‘Plug and Play’ Chip Group Adds to Membership

In a show of support for “plug and play,” STMicroelectronics Monday said it has joined Open Core Protocol International Partnership (OCP-IP) as a governing member.

Portland, Ore.-based OCP-IP is a non-profit industry association that wants to make a common standard for intellectual property core interfaces, or sockets, that facilitate “plug and play” system-on-chip (SoC) design. The group says to make sure complex microprocessors reach a wide audience, the industry needs a complete socket standard that everyone can use, no matter what their on-chip architecture is, or whose processor cores they’re using.

The group says its OCP is not a rigid bus interface; rather it resides above the level of abstraction of a bus. The benefit of a standard socket for SoC design, say group members, is that intellectual property designers can make their cores independent of specific bus protocols, and hence of any particular design implementation.
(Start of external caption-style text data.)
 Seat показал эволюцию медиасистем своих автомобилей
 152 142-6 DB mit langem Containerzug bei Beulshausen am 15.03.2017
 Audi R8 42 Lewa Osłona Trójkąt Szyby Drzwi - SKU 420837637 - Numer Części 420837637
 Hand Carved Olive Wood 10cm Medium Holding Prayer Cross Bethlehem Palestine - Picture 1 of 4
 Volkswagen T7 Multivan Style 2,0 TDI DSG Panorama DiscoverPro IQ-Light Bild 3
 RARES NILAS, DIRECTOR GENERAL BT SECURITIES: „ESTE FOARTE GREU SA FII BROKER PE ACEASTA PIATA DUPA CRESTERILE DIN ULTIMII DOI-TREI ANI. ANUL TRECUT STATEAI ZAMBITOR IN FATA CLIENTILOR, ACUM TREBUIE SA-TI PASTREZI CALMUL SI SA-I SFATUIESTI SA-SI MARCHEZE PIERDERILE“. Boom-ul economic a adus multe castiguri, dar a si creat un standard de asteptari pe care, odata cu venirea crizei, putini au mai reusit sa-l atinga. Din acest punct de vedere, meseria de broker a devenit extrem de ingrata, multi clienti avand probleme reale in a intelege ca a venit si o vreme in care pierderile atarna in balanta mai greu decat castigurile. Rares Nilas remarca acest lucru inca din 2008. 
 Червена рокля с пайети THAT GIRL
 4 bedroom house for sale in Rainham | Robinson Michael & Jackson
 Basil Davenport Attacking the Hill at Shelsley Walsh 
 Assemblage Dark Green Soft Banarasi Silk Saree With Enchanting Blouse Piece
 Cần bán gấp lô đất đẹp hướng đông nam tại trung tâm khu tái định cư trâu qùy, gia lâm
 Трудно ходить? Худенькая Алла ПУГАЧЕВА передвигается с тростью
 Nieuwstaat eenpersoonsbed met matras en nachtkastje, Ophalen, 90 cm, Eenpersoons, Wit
This allows for more reuse of OCP-compliant cores across multiple SoC designs.

“In the past Traditionally designers have an ongoing task to support each design’s selected bus protocols by modifying a core’s interface protocols, then the verification suite, then the test bench, then documenting and supporting that design-dependent version of the core. OCP eliminates the need to repeatedly modify the core itself, and preserves the verification and test benches by defining all the core’s natural interface capabilities to be presented in an unchanging, universally understood manner,” OCP-IP says in its literature.

The Swiss-owned chipmaker now joins Nokia , Texas Instruments , United Microelectronics Corporation and Sonics at the head of the table.

“Standardization of a socket interface and its broad adoption in the semiconductor industry are key factors to enable development of reusable IP and IP integration in complex SoC products,” said Aldo Cometti, director of development at ST and OCP-IP GSC member. “We count on this to further evolve our system level designs and to reduce complex SoC product design cycles and time-to-market. We look forward to working with OCP-IP members in contributing to the development of this IP socket standard.”

STM said it is also joining as a participant in OCP-IP’s Working groups, which recently announced the availability of the OCP 2.0 Specification Release Candidate.

The working group members are currently developing enhancements and support for OCP, and addressing the future needs of the membership in the use of the specification.

As a side benefit, OCP-IP says its members receive free training and support, free software tools, and free documentation, enabling members to focus on the challenges of SoC design.